Friday, January 9, 2009

Matter of Enrique Salas COMPEAN,
Matter of Sylla BANGALY,
Matter of J-E-C-, et al.,

24 I&N Dec. 710 (A.G. 2009) Interim Decision #3632

(1) Aliens in removal proceedings have a statutory privilege to retain private counsel at no expense to the Government.
(2) Aliens in removal proceedings have no right to counsel, including Government-appointed counsel, under the Sixth Amendment of the Constitution because the Sixth Amendment applies only to criminal proceedings and removal proceedings are civil in nature.

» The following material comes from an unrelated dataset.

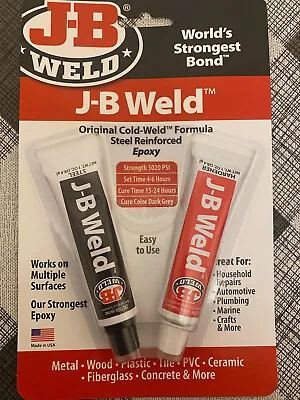 JB Weld Original Cold-Weld 2 Part Steel Reinforced Epoxy Glue Bond Metal Plastic • £6.35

(3) Aliens in removal proceedings also have no right to counsel, including Government-appointed counsel, under the Fifth Amendment. Although the Fifth Amendment applies to removal proceedings, its guarantee of due process does not include a general right to counsel, or a specific right to effective assistance of counsel, and is violated only by state action, namely, action that can be legally attributed to the Government. Lawyers privately retained by aliens in removal proceedings are not state actors for due process purposes. Accordingly, there is no Fifth Amendment right to effective assistance of counsel in removal proceedings. To the extent the Board’s decisions in Matter of Lozada, 19 I&N Dec. 637 (BIA 1988), and Matter of Assaad, 23 I&N Dec. 553 (BIA 2003), are inconsistent with this conclusion, those decisions are overruled.
(4) Although the Constitution and the immigration laws do not entitle an alien in removal proceedings to relief for his lawyer’s mistakes, the Department of Justice may, as a matter of administrative grace, reopen removal proceedings where an alien shows that he was prejudiced by the actions of private counsel.

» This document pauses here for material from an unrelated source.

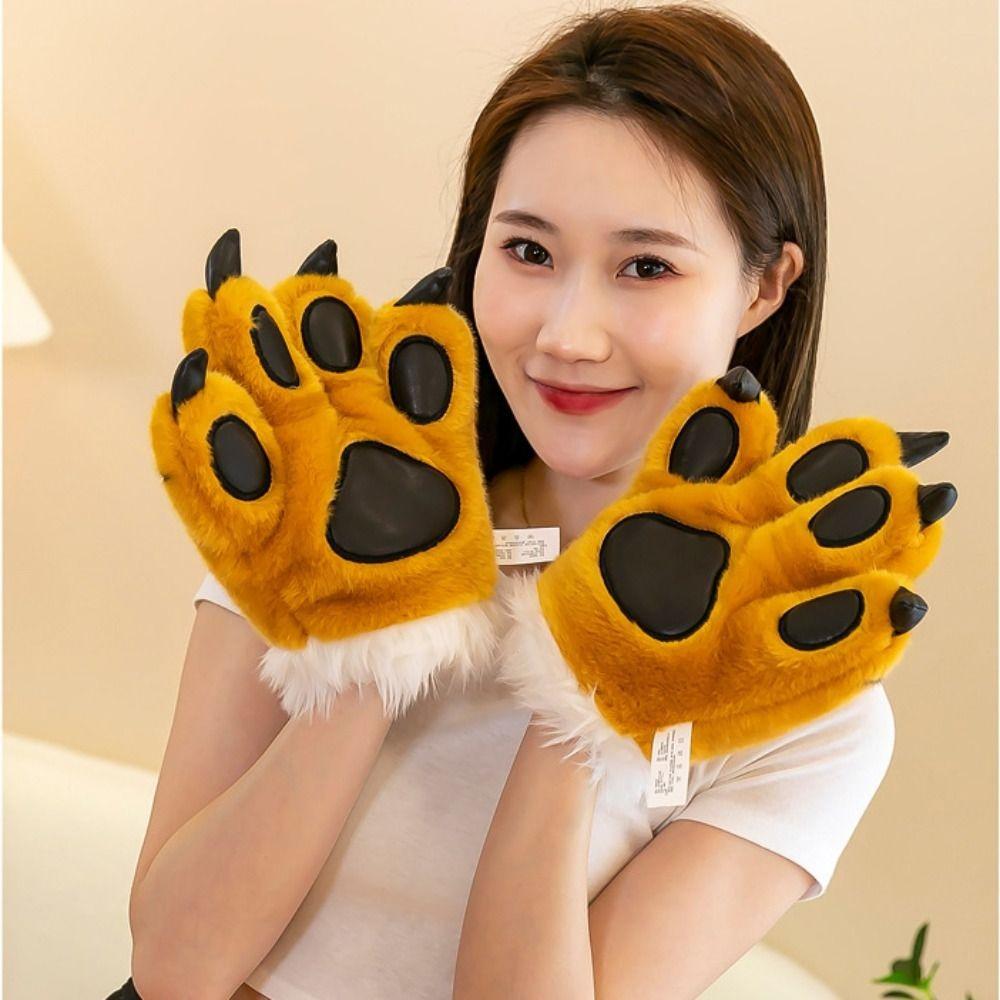 Fluffy Texture Plush Gloves Striped Design Costume Mittens  Cosplay Costume Accessories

(5) There is a strong public interest in ensuring that a lawyer’s deficiencies do not affirmatively undermine the fairness and accuracy of removal proceedings. At the same time, there is a strong public interest in the expeditiousness and finality of removal proceedings. On balance, these interests justify allowing the Board to reopen removal proceedings in the extraordinary case where a lawyer’s deficient performance likely changed the outcome of an alien’s initial removal proceedings. In addition, they call for a set of standards and requirements that will allow the Board to resolve most claims expeditiously and on the basis of an alien’s motion to reopen and accompanying documents alone. Whether an alien has made a sufficient showing to warrant relief based on counsel’s allegedly deficient performance is, in each case, committed to the discretion of the Board or the immigration judge.
(6) The deficient performance of counsel claim extends only to the conduct of a lawyer, an accredited representative, or a non-lawyer that the alien reasonably but erroneously believed to be a lawyer who was retained to represent the alien in the proceedings.
(7) An alien who seeks to reopen his removal proceedings based on deficient performance of counsel bears the burden of establishing
(i) that his lawyer’s failings were egregious;
(ii) that in cases where the alien moves to reopen beyond the applicable time limit, he exercised due diligence in discovering and seeking to cure his lawyer’s alleged deficient performance; and
(iii) that he suffered prejudice from the lawyer’s errors, namely, that but for the deficient performance, it is more likely than not that the alien would have been entitled to the ultimate relief he was seeking.
(8) An alien who seeks to reopen his removal proceedings based on deficient performance of counsel must submit a detailed affidavit setting forth the facts that form the basis of the deficient performance of counsel claim. He also must attach to his motion five documents or sets of documents:
(i) a copy of his agreement, if any, with the lawyer whose performance he alleges was deficient;
(ii) a copy of a letter to his former lawyer specifying the lawyer’s deficient performance and a copy of the lawyer’s response, if any;
(iii) a completed and signed complaint addressed to, but not necessarily filed with, the appropriate State bar or disciplinary authority;
(iv) a copy of any document or evidence, or an affidavit summarizing any testimony, that the alien alleges the lawyer failed to submit previously; and
(v) a statement by new counsel expressing a belief that the performance of former counsel fell below minimal standards of professional competence.
If any of these documents is unavailable, the alien must explain why. If any of these documents is missing rather than nonexistent, the alien must summarize the document’s contents in his affidavit. Matter of Lozada, superseded.
(9) The Board’s discretion to reopen removal proceedings on the basis of a lawyer’s deficient performance is not limited to conduct that occurred during the agency proceedings. The Board may reopen on the basis of deficient performance that occurred subsequent to the entry of a final order of removal if the standards established for a deficient performance of counsel claim are satisfied.